While some family and friends might provide honest feedback, at some point you will need to leave your comfort zone and seek professional critiques if you hope to grow.
While some family and friends might provide honest feedback, at some point you will need to leave your comfort zone and seek professional critiques if you hope to grow.
As I was thinking about this blog post I came across a quote in Guy Kawasaki's book APE: Author, Publisher, Entrepreneur-How to Publish a Book. While Kawasaki is talking about writers, I easily substituted photographer and it wrapped up something that I have thought about often over the years.
"Don't let successful writers [photographers] awe you. ...it's OK for you to admire them for the quality of their writing [photography] or their success. However, don't let other authors [photographers] awe you, because this is the first step to envy and self-doubt."
The final two words, self-doubt, really struck home. I was never envious of other photographers, but I have struggled with self-doubt my entire career.

When I decided I wanted to be a professional photographer, I read books by well known photographers, attended National Press Photographers Association Short Courses, looked through magazines and newspapers, paying particular attention to the photo credits and then following those photographer's work.

You might wonder what is wrong with that? Probably nothing for some, however I compared every shot I took with the work I was following or being presented with at conferences and guess what? It didn't come close. While it didn't stop me from becoming a professional, I know that it kept me from becoming a better photographer earlier in my career. Mostly because I was reluctant to widely share my photography and slow to find [photography] mentors.

Look for inspiration: I encourage every photographer to go back and look at the work of those that came before or follow photographer's whose work that they enjoy. There is nothing wrong with that, just be careful not to compare yourself too closely with others, especially if it causes you to put down your camera in frustration. Remember that there is something to learn from both the past and present, but only you can take a photograph that is your vision.

Founder of the Air Force photojournalism program Ken Hackman, right, offers advice during the Visual Media Workshop in Arlington, Va.
Founder of the Air Force photojournalism program Ken Hackman, right, offers advice during the Visual Media Workshop in Arlington, Va.
Same thing goes when attending workshops, trade shows or conferences. These gatherings can truly offer some inspiration and provide you with ideas or techniques that will help you get better. Challenge yourself to not be overwhelmed and just enjoy the experience of being around lots of creative people. And if you do share, you might be surprised just how many others feel the same way you do.

Beware of intimidation: As you progress and become more confident as a photographer, you will want to share your work outside friends and family. Opening yourself up to that honest critique is hard, nobody wants to hear that they may not be as good as they think they are or that photo you are proudly hanging over the couch is not appreciated by others the same way you enjoy it. As hard as it can be to hear that truth, don't allow yourself to be intimidated by it. Seek out critiques from photographers whose work you admire and that you know will challenge you.
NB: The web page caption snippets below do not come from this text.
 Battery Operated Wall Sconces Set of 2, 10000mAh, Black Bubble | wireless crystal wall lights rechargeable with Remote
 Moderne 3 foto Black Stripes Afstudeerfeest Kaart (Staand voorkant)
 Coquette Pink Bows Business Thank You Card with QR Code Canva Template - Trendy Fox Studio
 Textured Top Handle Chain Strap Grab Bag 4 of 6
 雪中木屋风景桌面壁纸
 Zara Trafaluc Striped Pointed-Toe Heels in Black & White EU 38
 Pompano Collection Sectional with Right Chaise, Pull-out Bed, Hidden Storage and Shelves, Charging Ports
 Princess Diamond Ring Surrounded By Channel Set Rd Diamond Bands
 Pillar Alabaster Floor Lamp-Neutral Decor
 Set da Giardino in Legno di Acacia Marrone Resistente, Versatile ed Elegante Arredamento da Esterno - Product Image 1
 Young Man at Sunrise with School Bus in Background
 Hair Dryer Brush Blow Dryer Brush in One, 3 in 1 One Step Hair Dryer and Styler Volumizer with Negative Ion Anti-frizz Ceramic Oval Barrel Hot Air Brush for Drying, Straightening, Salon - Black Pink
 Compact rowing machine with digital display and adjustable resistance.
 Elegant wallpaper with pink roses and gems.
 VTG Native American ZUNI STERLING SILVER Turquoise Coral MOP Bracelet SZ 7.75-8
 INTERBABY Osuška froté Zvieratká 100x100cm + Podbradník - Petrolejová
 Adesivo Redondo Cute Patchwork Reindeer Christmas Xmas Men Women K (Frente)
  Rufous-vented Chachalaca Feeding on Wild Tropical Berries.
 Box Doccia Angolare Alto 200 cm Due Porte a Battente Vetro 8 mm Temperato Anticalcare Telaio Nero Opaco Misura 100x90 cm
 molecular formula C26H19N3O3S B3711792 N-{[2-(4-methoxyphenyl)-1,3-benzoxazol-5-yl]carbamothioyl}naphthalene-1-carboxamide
Seek out lots of critiques because every one is different too. This how you will grow?

Shane McCoy, a photographer and videographer with the U.S. Marshals Service, provides a critique during the Visual Media Workshop.
Shane McCoy, a photographer and videographer with the U.S. Marshals Service, provides a critique during the Visual Media Workshop.
I've had critiques early in my career that almost made me walk away from photography and I've had students who came to me in tears and were ready to change majors after receiving a particularly harsh critique. As an instructor it was my role to reassure, but also be honest. I offer that because there is nothing wrong with receiving a harsh critique if along with that you are offered constructive ideas on how to improve. Remember also that sometimes people can just be jerks. That happens and as hard as it is, move on. Sometimes it is because there is not an appreciation for what stage you are at.

I never stop trying to make a better photograph today then I did yesterday. Sometimes you are the only one that likes a particular shot and that is fine. Be proud of your work and don't let the fact that there are numerous "celebrity" photographers all over the web intimidate you or keep you from shooting. Again, if you like the photograph and want to hang it on the wall, then do that.

I recently attended the Visual Media Workshops DC Shootoff and one of the presenters, Lou Jones, who has been taking pictures for decades, looked out at the audience at the conclusion of his talk and said, "I consider every one of you my competition, and I welcome it."

That's a great attitude. Take the pictures that you want to take and realize that not everyone will like or appreciate them, but so what. Just keep shooting and sharing.